Awesome
Presence
Presence is a communication service for Friend. It is based on rooms, allowing many to many text chat and video / audio calls. It integrates closely with ( and is a service of ) Friend, allowing anyone logged into Friend to use it, showing up with their Friend name, with no need to set up an account or remember a password. A pixel avatar is generated for everyones amusement.
Live
Each room functions as a signaling service for webRTC peer to peer video and audio conferencing. This makes it easy to organize a conference as each participant can join and leave as he pleases. If someone get disconnected they can quickly rejoin, and maybe check links posted to chat in the meantime.
In a collaboration environment is is also easy for others in the room too see that things are happening on live and to join in.
Peer to peer connections
webRTC is used for Live connections. It needs to know the IPs of the peers trying to connect ( among other things ). The internet being full of firewalls and other dark things, this would be quite hit-and-miss. This is where STUN/TURN is useful. First STUN servers are used as a 3rd party to discover your 'public' IP. If this fails, the connection can no longer be directly peer to peer, but falls back on a TURN server to relay the stream. This TURN relay can also be used as a service to hide each users IP from each other.
Persistent, or not
All rooms start out in a unnamed state. Chat log in these rooms is not saved, neither are participants. Once everyone has logged off or left, the room will be purged. This is good for one-off live sessions, but if you decide there is value in keeping the room, it can be given a name and current chat log and users will be persisted.
Guests
Invites can be generated and either sent directly to another person through one of the other Friend Chat modules, or shared as a clickable link. These can be single-use or public. The public ones can be used by any number of people until it is canceled through the interface or the room empties and is removed from server memory.
Immediate response
Persistent connections are used to ensure all events are promptly delivered. Both vanilla TCP and websockets are used, depending on client needs. For mobile users, these connections are seamlessly reestablished when switching networks, ie wifi -> mobile data.
Installing and configuration
Presence installer is called by the Friend Chat installer. It will collect some info, and configure Friend Core, Friend Chat and Presence accordingly. Not everything is handled by the install script ( becuase its old and needs to be rewritten in not-bash ).
To run the Friend Chat installer, go to the friendchat folder you cloned from GIT
and run ./install.sh
After install process, a few things need to be set manually. Only edit config.js
in
install folder. If a value is not found in config.js it falls back to example.config.js
for a default value.
For presence to talk to FriendCore, it must establish a connection and indentify itself.

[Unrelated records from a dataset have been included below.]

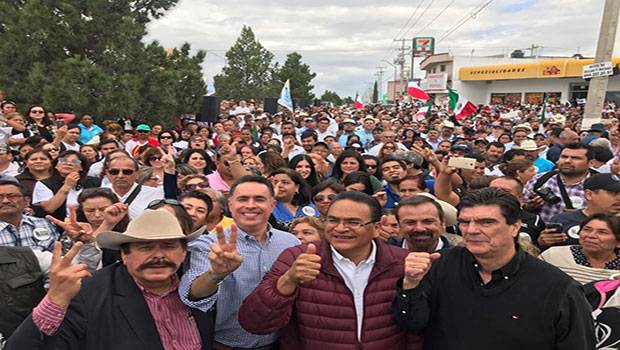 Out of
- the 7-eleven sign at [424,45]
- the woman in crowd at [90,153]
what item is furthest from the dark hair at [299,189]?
the 7-eleven sign at [424,45]

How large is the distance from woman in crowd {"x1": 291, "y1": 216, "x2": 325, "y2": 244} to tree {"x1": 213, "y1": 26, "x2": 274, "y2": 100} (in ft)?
119

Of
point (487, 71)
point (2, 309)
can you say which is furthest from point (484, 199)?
point (487, 71)

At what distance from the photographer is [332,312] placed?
8.63 feet

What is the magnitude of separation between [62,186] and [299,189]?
256cm

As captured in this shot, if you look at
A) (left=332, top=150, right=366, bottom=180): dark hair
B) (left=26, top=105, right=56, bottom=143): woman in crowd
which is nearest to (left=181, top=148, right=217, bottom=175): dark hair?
(left=332, top=150, right=366, bottom=180): dark hair

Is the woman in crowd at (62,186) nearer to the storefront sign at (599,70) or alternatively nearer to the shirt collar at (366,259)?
the shirt collar at (366,259)

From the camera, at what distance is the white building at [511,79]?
40.7 meters

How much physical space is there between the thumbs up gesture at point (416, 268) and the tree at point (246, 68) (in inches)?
1485

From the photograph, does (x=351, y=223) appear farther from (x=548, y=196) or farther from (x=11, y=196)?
(x=548, y=196)

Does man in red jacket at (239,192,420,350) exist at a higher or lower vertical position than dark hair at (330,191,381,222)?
lower

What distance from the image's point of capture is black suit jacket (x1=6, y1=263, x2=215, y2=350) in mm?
2281

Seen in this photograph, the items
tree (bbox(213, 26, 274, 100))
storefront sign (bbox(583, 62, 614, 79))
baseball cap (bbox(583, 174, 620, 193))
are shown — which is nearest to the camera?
baseball cap (bbox(583, 174, 620, 193))

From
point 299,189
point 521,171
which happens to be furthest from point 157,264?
point 521,171

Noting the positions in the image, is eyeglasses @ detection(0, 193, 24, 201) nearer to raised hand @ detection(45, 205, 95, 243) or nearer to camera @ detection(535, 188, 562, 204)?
raised hand @ detection(45, 205, 95, 243) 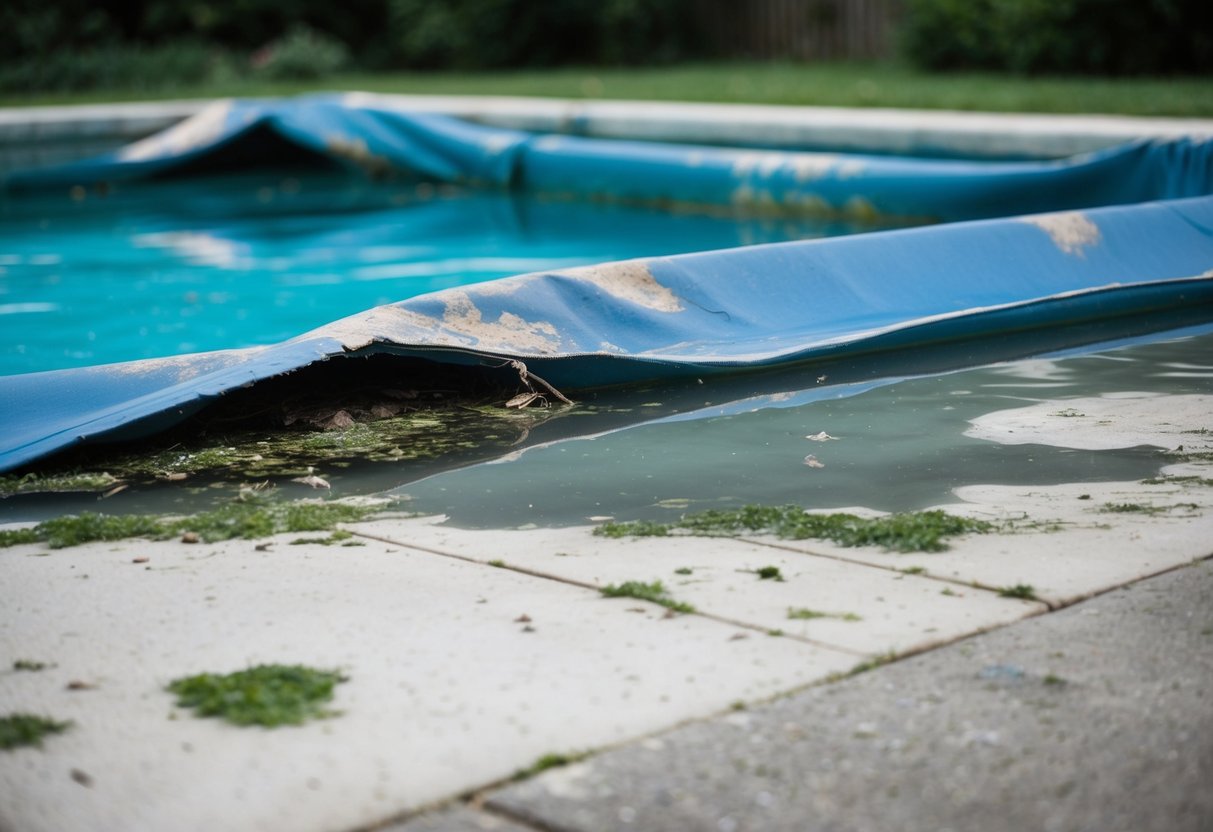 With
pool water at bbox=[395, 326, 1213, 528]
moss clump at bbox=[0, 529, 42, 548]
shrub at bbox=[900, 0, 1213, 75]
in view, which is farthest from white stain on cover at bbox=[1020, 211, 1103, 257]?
shrub at bbox=[900, 0, 1213, 75]

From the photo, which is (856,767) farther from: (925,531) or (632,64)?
(632,64)

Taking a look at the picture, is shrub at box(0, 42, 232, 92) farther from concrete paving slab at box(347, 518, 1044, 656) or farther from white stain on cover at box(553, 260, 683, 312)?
concrete paving slab at box(347, 518, 1044, 656)

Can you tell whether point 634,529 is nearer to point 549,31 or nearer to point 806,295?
point 806,295

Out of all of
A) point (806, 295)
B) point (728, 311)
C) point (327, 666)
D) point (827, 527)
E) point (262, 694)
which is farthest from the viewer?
point (806, 295)

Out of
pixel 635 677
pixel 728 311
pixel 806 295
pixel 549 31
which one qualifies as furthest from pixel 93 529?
pixel 549 31

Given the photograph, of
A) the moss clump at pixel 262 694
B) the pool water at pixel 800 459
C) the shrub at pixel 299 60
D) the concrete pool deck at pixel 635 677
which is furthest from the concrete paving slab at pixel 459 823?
the shrub at pixel 299 60

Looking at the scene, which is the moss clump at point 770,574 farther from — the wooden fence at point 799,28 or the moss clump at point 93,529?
the wooden fence at point 799,28

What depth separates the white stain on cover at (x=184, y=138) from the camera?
35.9ft

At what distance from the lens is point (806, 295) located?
462cm

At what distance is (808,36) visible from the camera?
16859 mm

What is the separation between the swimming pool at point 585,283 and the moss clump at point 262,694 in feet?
2.75

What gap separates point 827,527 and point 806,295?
202cm

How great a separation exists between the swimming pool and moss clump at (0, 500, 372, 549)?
195 mm

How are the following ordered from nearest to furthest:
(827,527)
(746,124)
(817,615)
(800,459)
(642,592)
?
1. (817,615)
2. (642,592)
3. (827,527)
4. (800,459)
5. (746,124) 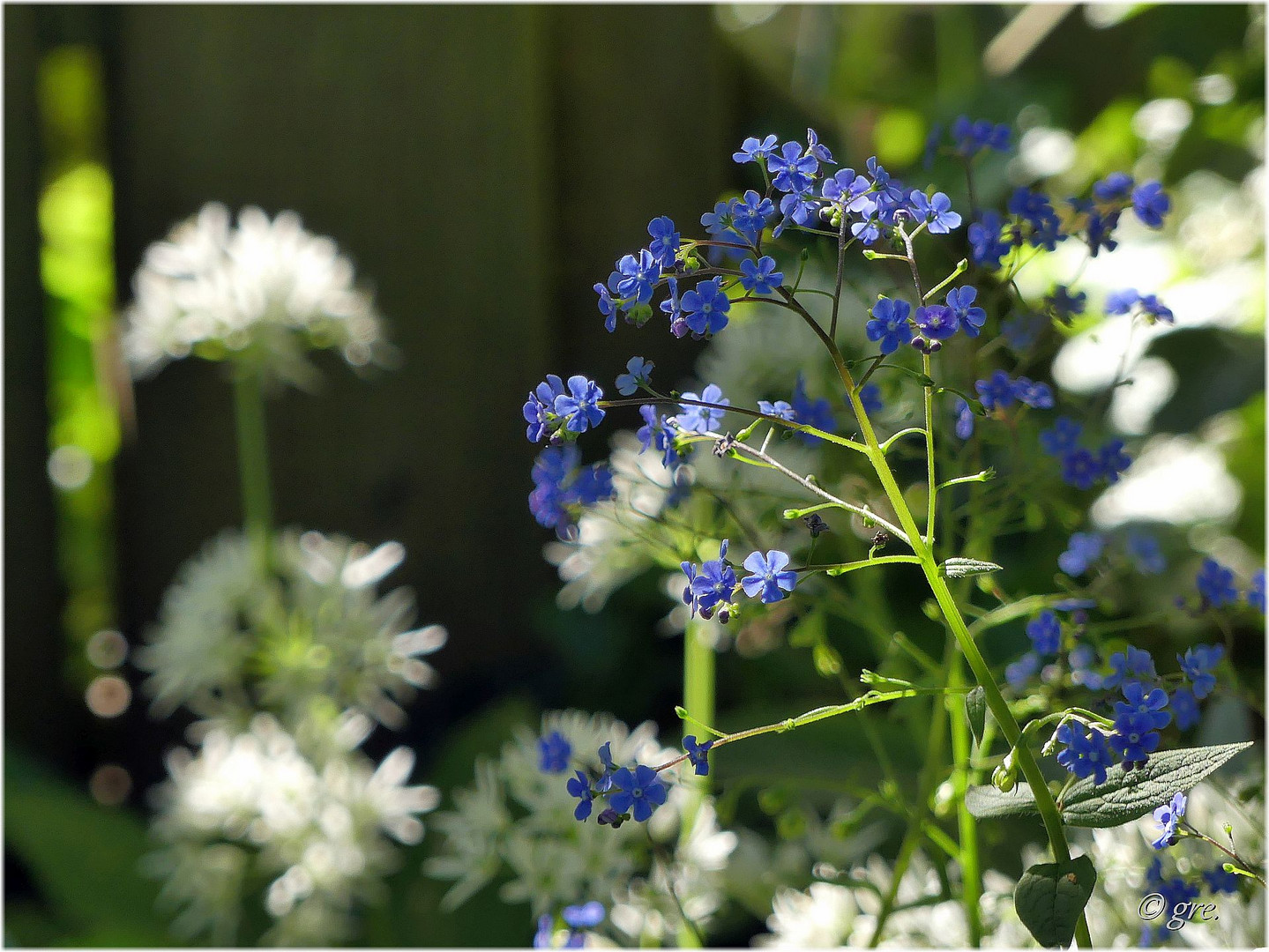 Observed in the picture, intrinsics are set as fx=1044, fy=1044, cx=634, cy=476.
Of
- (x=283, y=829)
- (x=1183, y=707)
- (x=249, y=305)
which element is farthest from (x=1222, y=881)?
(x=249, y=305)

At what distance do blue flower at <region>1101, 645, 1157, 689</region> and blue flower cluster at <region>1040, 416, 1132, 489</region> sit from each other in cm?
10

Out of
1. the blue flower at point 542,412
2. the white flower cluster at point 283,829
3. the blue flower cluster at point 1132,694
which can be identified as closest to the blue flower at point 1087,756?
the blue flower cluster at point 1132,694

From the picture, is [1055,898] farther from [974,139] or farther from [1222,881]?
[974,139]

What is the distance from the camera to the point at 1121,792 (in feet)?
1.21

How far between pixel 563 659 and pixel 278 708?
13.7 inches

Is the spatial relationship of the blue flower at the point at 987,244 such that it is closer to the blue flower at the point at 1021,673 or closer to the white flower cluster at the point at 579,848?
the blue flower at the point at 1021,673

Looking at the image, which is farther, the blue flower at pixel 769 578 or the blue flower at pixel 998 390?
the blue flower at pixel 998 390

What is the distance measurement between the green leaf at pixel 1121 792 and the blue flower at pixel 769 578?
0.36 ft

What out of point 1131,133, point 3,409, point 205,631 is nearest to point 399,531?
point 205,631

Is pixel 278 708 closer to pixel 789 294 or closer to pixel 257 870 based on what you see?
pixel 257 870

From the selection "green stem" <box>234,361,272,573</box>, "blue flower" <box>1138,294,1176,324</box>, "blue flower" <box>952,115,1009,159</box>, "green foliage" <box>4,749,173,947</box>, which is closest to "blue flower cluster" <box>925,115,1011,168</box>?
"blue flower" <box>952,115,1009,159</box>

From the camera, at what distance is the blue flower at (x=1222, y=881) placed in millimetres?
423

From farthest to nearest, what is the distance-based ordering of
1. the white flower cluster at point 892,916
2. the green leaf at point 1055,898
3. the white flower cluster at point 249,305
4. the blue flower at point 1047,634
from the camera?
the white flower cluster at point 249,305
the white flower cluster at point 892,916
the blue flower at point 1047,634
the green leaf at point 1055,898

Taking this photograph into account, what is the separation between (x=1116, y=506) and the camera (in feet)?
4.10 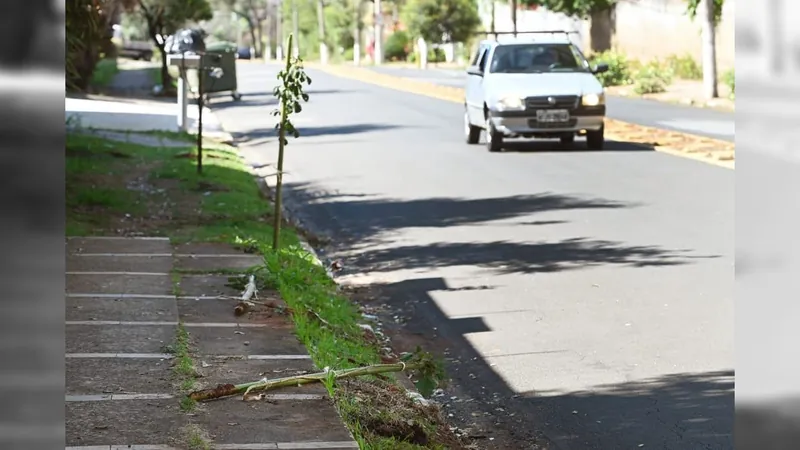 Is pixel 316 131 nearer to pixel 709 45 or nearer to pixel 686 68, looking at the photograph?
pixel 709 45

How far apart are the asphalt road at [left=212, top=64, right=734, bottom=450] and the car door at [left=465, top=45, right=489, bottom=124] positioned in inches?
23.9

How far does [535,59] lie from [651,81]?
702 inches

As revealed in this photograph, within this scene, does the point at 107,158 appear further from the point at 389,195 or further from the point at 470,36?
→ the point at 470,36

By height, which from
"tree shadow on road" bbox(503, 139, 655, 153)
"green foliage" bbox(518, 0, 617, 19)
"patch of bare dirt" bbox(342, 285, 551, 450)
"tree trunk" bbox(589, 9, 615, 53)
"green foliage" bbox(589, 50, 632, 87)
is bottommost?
"patch of bare dirt" bbox(342, 285, 551, 450)

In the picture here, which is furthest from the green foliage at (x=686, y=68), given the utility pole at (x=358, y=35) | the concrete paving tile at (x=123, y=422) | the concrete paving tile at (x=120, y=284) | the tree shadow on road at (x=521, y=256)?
the concrete paving tile at (x=123, y=422)

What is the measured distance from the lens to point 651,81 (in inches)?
1507

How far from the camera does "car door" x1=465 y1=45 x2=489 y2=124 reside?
2097 cm

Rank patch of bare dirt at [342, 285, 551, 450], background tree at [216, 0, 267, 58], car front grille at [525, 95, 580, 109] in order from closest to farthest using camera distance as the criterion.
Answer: patch of bare dirt at [342, 285, 551, 450]
car front grille at [525, 95, 580, 109]
background tree at [216, 0, 267, 58]

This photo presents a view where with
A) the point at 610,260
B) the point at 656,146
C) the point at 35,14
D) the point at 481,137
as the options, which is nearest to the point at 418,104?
the point at 481,137

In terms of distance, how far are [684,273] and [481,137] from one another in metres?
13.6

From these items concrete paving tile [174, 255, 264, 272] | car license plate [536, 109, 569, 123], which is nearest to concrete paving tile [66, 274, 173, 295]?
concrete paving tile [174, 255, 264, 272]

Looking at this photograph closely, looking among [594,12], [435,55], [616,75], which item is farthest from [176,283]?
[435,55]

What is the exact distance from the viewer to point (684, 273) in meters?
9.85

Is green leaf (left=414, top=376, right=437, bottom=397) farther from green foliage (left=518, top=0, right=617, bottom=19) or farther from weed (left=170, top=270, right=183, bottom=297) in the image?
green foliage (left=518, top=0, right=617, bottom=19)
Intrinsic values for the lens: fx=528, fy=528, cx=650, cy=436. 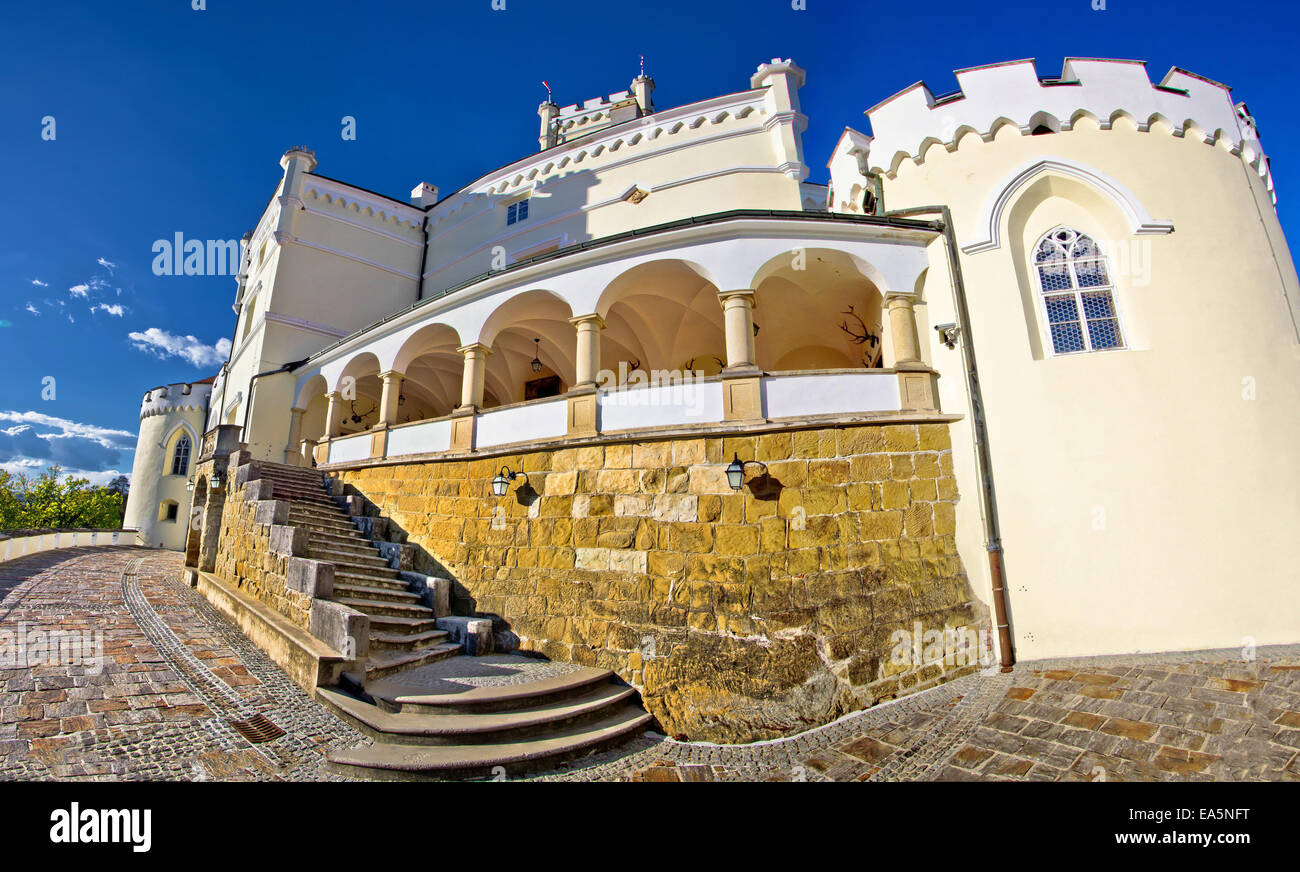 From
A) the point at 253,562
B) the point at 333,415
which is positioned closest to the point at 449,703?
the point at 253,562

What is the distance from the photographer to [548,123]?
2305 centimetres

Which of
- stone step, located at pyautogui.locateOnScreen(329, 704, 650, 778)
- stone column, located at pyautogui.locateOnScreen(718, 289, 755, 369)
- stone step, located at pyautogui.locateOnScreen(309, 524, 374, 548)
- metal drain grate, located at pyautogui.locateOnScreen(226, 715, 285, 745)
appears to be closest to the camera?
stone step, located at pyautogui.locateOnScreen(329, 704, 650, 778)

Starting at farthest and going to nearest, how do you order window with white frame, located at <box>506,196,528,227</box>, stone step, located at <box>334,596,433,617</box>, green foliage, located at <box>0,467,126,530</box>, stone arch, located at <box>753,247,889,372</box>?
1. green foliage, located at <box>0,467,126,530</box>
2. window with white frame, located at <box>506,196,528,227</box>
3. stone arch, located at <box>753,247,889,372</box>
4. stone step, located at <box>334,596,433,617</box>

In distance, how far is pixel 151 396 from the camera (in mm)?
26094

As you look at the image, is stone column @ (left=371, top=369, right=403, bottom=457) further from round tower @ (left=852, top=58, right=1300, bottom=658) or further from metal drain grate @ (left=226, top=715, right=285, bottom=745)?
round tower @ (left=852, top=58, right=1300, bottom=658)

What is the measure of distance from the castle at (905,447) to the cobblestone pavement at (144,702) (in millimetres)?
792

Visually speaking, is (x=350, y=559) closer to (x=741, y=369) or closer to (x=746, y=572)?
(x=746, y=572)

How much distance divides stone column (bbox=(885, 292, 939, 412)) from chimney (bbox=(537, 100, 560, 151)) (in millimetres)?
19419

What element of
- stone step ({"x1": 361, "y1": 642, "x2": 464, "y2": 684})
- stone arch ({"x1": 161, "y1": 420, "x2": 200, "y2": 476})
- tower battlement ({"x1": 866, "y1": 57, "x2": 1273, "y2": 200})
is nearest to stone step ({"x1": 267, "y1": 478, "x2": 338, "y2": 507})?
stone step ({"x1": 361, "y1": 642, "x2": 464, "y2": 684})

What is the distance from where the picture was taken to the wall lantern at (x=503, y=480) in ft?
26.7

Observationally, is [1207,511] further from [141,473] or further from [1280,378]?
[141,473]

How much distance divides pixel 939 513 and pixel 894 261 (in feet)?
12.3

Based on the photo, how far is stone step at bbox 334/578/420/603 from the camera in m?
Answer: 7.33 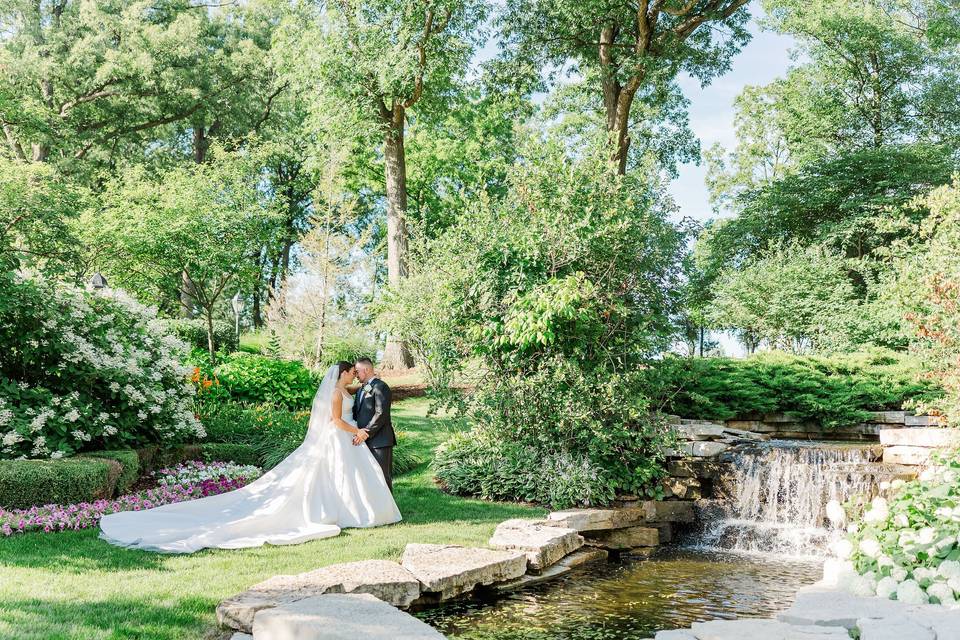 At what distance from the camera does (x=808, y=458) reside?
33.5 feet

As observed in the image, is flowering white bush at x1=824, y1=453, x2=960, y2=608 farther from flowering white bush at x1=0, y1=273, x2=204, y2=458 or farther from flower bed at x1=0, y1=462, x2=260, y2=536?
flowering white bush at x1=0, y1=273, x2=204, y2=458

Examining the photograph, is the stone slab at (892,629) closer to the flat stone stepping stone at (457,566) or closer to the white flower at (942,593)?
the white flower at (942,593)

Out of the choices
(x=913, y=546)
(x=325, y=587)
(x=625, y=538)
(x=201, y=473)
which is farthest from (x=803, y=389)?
(x=325, y=587)

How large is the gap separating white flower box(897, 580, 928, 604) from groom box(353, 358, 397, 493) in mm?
5236

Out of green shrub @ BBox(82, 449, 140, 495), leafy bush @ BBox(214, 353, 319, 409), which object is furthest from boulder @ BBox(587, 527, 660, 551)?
leafy bush @ BBox(214, 353, 319, 409)

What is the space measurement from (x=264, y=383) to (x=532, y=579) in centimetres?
817

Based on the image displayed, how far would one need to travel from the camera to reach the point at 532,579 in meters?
6.75

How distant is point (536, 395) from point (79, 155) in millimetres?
22881

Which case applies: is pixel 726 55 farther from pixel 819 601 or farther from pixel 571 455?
pixel 819 601

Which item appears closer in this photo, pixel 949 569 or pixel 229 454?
pixel 949 569

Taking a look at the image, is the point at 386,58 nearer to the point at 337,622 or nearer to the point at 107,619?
the point at 107,619

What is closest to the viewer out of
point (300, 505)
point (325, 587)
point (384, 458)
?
point (325, 587)

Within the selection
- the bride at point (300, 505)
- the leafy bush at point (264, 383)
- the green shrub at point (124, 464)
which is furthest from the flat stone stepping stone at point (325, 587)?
the leafy bush at point (264, 383)

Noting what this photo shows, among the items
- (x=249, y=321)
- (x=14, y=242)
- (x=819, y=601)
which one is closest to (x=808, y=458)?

In FriendCore cfg.ini, there must be a header [SerivceKeys]
with a key/value pair
presence = <your secret key>
. This must also be added to Presence config.js under
server -> friendcore
as serviceKey : '<your secret key>'
. The secret key can be any string.
Streaming / Janus
As the number of participants in a Live call increases the resource use ( encoding / upload bandwidth ) of a peer-to-peer mesh becomes prohibitive. To solve this we use a central webRTC bridge that receives a stream from one peer and distrbutes it the other participants. We use Janus for this.
To install Janus, go into the Janus folder in the Presence install folder. Here there is a readme with probably useful info and an install script. The readme contains solutions to known issues enconuntered when bulding Janus. It also has configuration specifics.
For the time being, each streaming room requires static configuration in Janus config, check janus readme.
To set up a room for streaming, a streaming workgroup must be specified and assigned to a room. This is currently done with a Friend setting:
- open Server app
- Add item,
type: 'presence'
,key: 'systemsettings'
- Edit the added item and add property,
key: 'stream_groups', value: '<name of workgroup>'
Next time someone logs into presence this setting will be read. Assigning this workgroup to a room will now cause any live session to be in a streaming mode. Any participant who is not in the specified workgroup can only watch. Users assigned to the streaming workgroup who join the live session will be set as the streamer/source and their audio/video distributed to all participants over Janus. Only the first member of the streaming workgroup to join will be set as streamer.
Recording can be enabled in janus static room config.
Running the Presence server
Presence can run as a service if this option was chosen during installation, or the provided auto restart script can be used.
As a service: sudo service presence-server start
By script from Presence install folder: nohup sh phoenix_presence.sh &
Running the update.sh script from the git folder will also attempt to (re)start presence as a service, unless some additional argument is passed.
When running on the restart script, logs will be written to error.log and restart.log in the Presence install folder.